Gdzie szukać terenów do biegania? Oczywiście w lasach. Nadają się do tego prawie wszystkie szlaki i ścieżki turystyczne wytyczone przez leśników. Samych szlaków pieszych jest dziś w Lasach Państwowych ponad 22 tysiące. Drugie tyle mamy szlaków rowerowych i konnych, które również świetnie mogą służyć temu celowi. W efekcie każdy mieszkaniec Polski, niezależnie w którym zakątku kraju się znajduje, w ciągu 30 minut dojedzie samochodem do miejsca, gdzie da się pobiegać na nartach. O najbliższych trasach można się dowiedzieć z serwisu Czaswlas.pl lub w siedzibie nadleśnictwa.

Zanim pójdziesz do sklepu

Przed inwestowaniem w sprzęt warto najpierw sprawdzić czy to rzeczywiście sport dla nas. Zanim pójdziemy więc do sklepu, najlepiej jest skorzystać z wypożyczalni. W Warszawie za komplet nart z kijami i buty zapłacimy 10-25 zł za godzinę lub 25-60 zł za dobę. W mniejszych miastach ceny są zbliżone do dolnych stawek spotykanych w stolicy.

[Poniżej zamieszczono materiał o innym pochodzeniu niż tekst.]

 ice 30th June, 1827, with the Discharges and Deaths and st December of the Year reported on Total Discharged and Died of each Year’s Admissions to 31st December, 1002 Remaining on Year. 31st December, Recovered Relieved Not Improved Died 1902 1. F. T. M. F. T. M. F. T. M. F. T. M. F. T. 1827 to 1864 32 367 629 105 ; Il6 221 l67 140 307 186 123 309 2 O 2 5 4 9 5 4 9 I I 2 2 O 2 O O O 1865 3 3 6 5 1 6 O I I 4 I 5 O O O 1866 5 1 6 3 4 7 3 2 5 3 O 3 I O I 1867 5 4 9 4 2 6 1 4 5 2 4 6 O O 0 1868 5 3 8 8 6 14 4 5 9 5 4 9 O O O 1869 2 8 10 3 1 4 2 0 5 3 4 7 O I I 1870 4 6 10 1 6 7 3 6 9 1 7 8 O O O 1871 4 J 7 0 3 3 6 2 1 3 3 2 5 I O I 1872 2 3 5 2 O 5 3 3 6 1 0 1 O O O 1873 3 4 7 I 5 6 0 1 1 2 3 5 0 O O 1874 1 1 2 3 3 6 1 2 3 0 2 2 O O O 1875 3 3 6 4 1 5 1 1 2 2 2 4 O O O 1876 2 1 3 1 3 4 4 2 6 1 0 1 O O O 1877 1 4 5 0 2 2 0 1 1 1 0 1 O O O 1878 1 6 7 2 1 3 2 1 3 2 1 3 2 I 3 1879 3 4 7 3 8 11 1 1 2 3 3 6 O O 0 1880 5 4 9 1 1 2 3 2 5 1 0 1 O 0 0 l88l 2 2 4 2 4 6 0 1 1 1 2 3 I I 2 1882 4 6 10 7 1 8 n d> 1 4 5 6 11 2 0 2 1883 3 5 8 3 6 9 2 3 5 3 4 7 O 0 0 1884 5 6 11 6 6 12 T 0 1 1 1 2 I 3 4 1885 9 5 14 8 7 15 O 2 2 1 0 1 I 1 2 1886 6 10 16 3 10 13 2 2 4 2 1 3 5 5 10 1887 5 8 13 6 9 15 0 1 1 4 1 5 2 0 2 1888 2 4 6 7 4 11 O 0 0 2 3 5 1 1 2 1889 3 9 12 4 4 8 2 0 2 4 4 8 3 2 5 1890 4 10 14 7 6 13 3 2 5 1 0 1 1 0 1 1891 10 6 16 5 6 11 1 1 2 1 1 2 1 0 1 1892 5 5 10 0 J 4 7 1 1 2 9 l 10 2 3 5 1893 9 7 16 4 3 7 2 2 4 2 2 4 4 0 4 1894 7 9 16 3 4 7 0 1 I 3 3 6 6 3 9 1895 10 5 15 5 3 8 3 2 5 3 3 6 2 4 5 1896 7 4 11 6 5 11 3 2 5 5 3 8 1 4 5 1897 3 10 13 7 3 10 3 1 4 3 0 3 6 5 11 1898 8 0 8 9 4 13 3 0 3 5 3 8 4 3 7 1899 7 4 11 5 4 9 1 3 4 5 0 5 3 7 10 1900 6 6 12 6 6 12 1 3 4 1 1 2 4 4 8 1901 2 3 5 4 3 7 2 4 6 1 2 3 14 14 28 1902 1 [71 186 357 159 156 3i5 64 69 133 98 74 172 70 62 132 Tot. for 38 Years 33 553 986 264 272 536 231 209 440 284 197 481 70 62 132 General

Decydując się na zakup nart biegowych, najpierw należy sobie zadać pytanie: jak będziemy biegać? Początkujący, na pewno powinien odpuścić sobie narty wyczynowe, dla zawodowców, i raczej nie zastanawiać nad nartami sportowymi, przeznaczonymi do startów w zawodach dla amatorów.
Naukę najlepiej zacząć na nartach klasy turystycznej. Wielu producentów wyróżnia jednak zamiast niej trzy jeszcze węższe kategorie. Narty fitness są przeznaczone dla osób regularnie biegających na nartach, traktujących tę dyscyplinę jako normalną aktywność fizyczną, ale niemających zacięcia sportowego. Rekreacyjne polecane są dla osób, dla których to rodzaj turystyki, jeżdżących czasami poza przygotowanymi trasami, w łagodnym terenie – dlatego narty takie są nieco szersze, by nie zapadały się w śniegu. Deski back country przeznaczone są do poruszania się po trudniejszym terenie. Są nie tylko szersze, ale i krótsze. Często mają wzmacniane krawędzie.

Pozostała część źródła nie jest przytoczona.